CAP Research areas: (1) privacy; (2) cybersecurity for critical infrastructure networks; (3) security in wireless networks; and (4) network monitoring and performance.

1. Privacy

Privacy with regard to computing can be loosely defined as the control over the extent, timing, and circumstances of sharing information deemed private by an individual or organization. Our work in this area involves developing techniques to enhance and compromise the privacy of different entities (e.g., datasets, social networks, encrypted video traffic).

2. Cybersecurity for Critical Infrastructure Networks

The supervisory control and data acquisition (SCADA) networks and smart grids gather real-time data, control operations, and remotely monitor terminal units and industrial equipment. These networks are used in a variety of critical infrastructure applications such as power plants, oil and gas pipelines, chemical refineries, flood control dams, waste and water distribution systems, wind farms, and civil defense siren systems. Secure distribution of data in these critical networks is imperative because injection of false or redundant data is, at a minimum costly, and could lead to loss of life in extreme cases. Our work in this area involves the development of architectures, protocols, and algorithms to address challenges faced in securing current and future critical infrastructure networks against cyber attacks.

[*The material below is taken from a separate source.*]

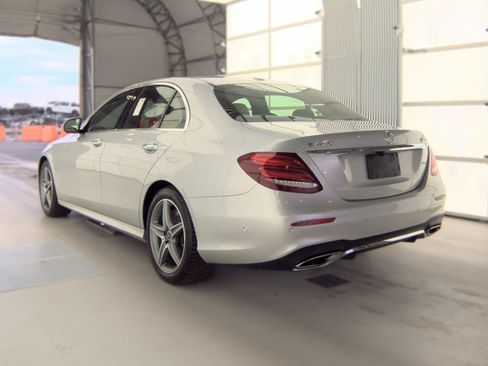 Used 2019 Mercedes-Benz E 450 4MATIC Sedan w/ Driver Assistance Package image 6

3. Security in Wireless Networks

Wireless networks differ from wired networks in several ways including: (1) node proximity - attackers often are physically close to victims in wireless networks; (2) signal propagation - the wireless link is inherently insecure as it broadcasts traffic, giving surrounding nodes an opportunity to eavesdrop; (3) resource constraints - often the devices on a wireless network have a finite amount of power supplied by a battery and have limited processing and transmission power (e.g., sensor nodes); and (4) mobility - wireless nodes often have varying levels of mobility. As a result of the above differences between wired and wireless networks, techniques for providing security in wired networks cannot be directly applied to resource-constrained wireless networks. Our work in this area involves the development of resource-aware security protocols for various wireless networks.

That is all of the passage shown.